Thursday, September 14, 2006British Sea Power
I saw British Sea Power once before. It was Reading 2003 and I'd just seen the Yeah Yeah Yeahs play second top of the bill on the NME stage. YYYs drummer, Brian Chase, told me later that was one of only two shows where they'd just come off stage and wanted to cry. For me it was the first time I saw them and though it was chaotic, detached, squashed and sweaty, I thought it was amazing. I had no desire to see Metallica or the Music, so wandered into the Carling Tent and British Sea Power were there with foliage on the stage, a big cult following and tunes that swept me away and had me grinning all thee way back to the campsite.

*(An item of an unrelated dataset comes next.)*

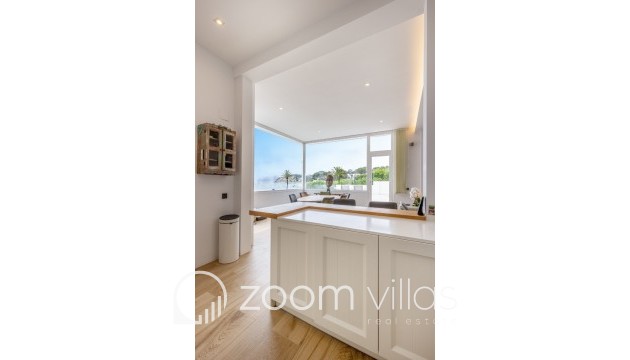 Resale - Villa - Moraira - Center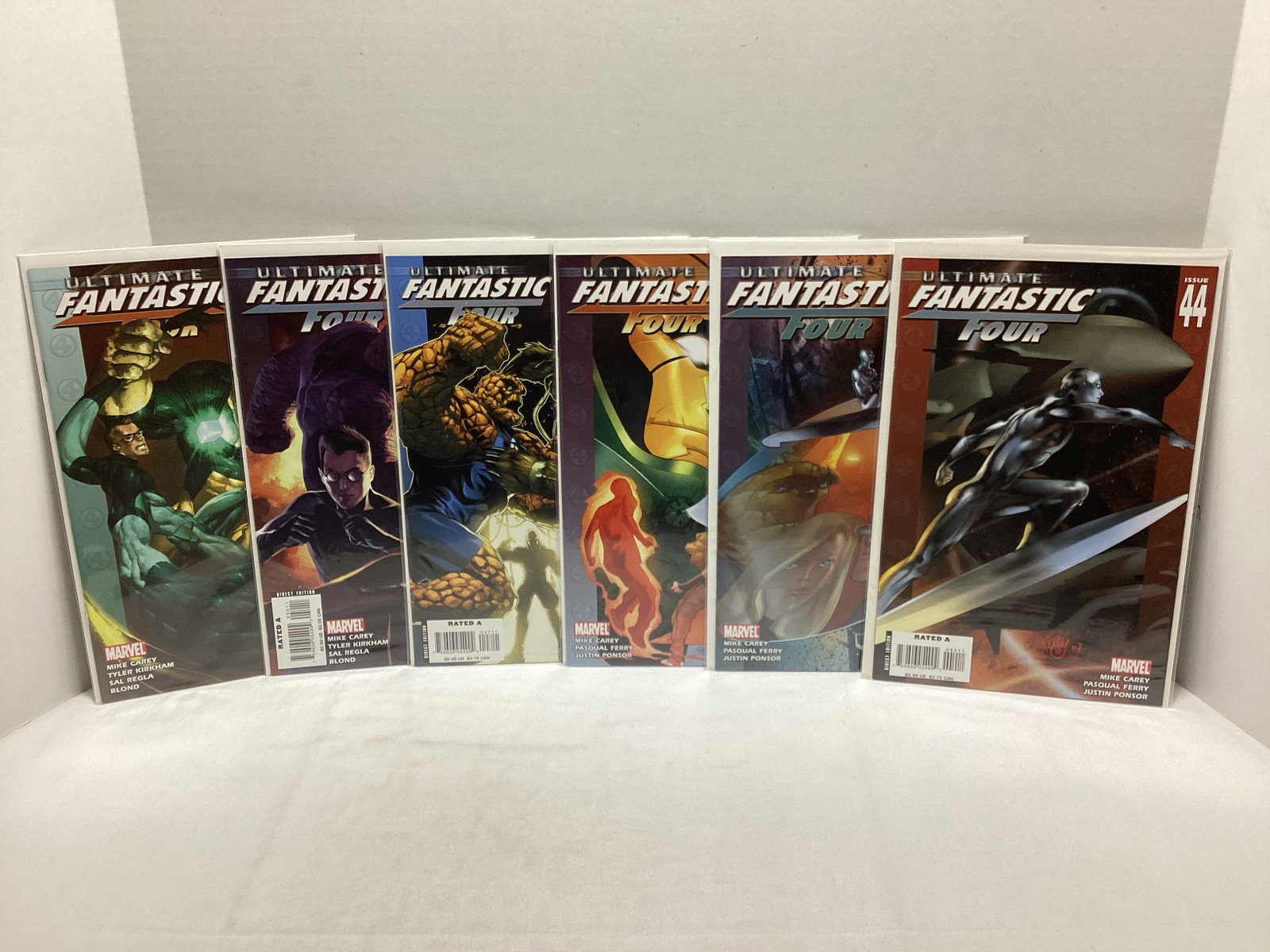 Six Ultimate Fantastic Four Marvel Comic Books: .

Three years later and I saw them again, this time playing the Camden Barfly (where The Low Miffs are playing FRIDAY 15TH!), a crazily small venue for a band with as large and dedicated a following as British Sea Power. I was only there because my boyfriend is a superfan and I thought it had the potential to be a memorable gig. Memorable it was. The merch desk was not your average £18 over-sized fruit of the loom T-shirts, no way. Staffed by a tall woman wearing an early 20th century bathing suit and swim cap, it sold soaps and hair wax (named Brilliantine Mortality after a lyric in one of their songs). Biscuits were also on offer. How excellent. The band played an exhilerating set with hits off their albums The Decline of British Sea Power and Open Season, rare B-sides and some new songs. I was amazed at their intensity and, dare I say, eccentricity. Singer, Yan, wore a black tunic and white trousers with gold trim at the bottom, looking somewhere between a pashmina'd out gap-year student and a crazed Monk. On the right was Noble, who took to the stage in thick winter socks and a frilly shirt, a strange and electric connection present between them both for the whole set. The set concluded in an insane meltdown, guitars were flying, bodies were flying, one of the support band's players took to the stage in a cape and played his trumpet. There was total chaos.

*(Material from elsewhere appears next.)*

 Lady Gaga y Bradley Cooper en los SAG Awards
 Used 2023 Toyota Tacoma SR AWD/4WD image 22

The crowd were ecstatic and jumped around more than at any other gig I've been to recently. It's sometimes strange going to see a band and everyone else is a bigger fan than you, but it really helps to understand that passion and I'm sure I'll be doing a lot more listening to BSP in the coming months. Photos coming soon.
BSP are amazing live. Weird and amazing perhaps, but a great joy to see!
They happily bombarded us with tulip bulbs when we saw them last year...
Why aren't British Sea Power my favourite band already?
i am ignorant.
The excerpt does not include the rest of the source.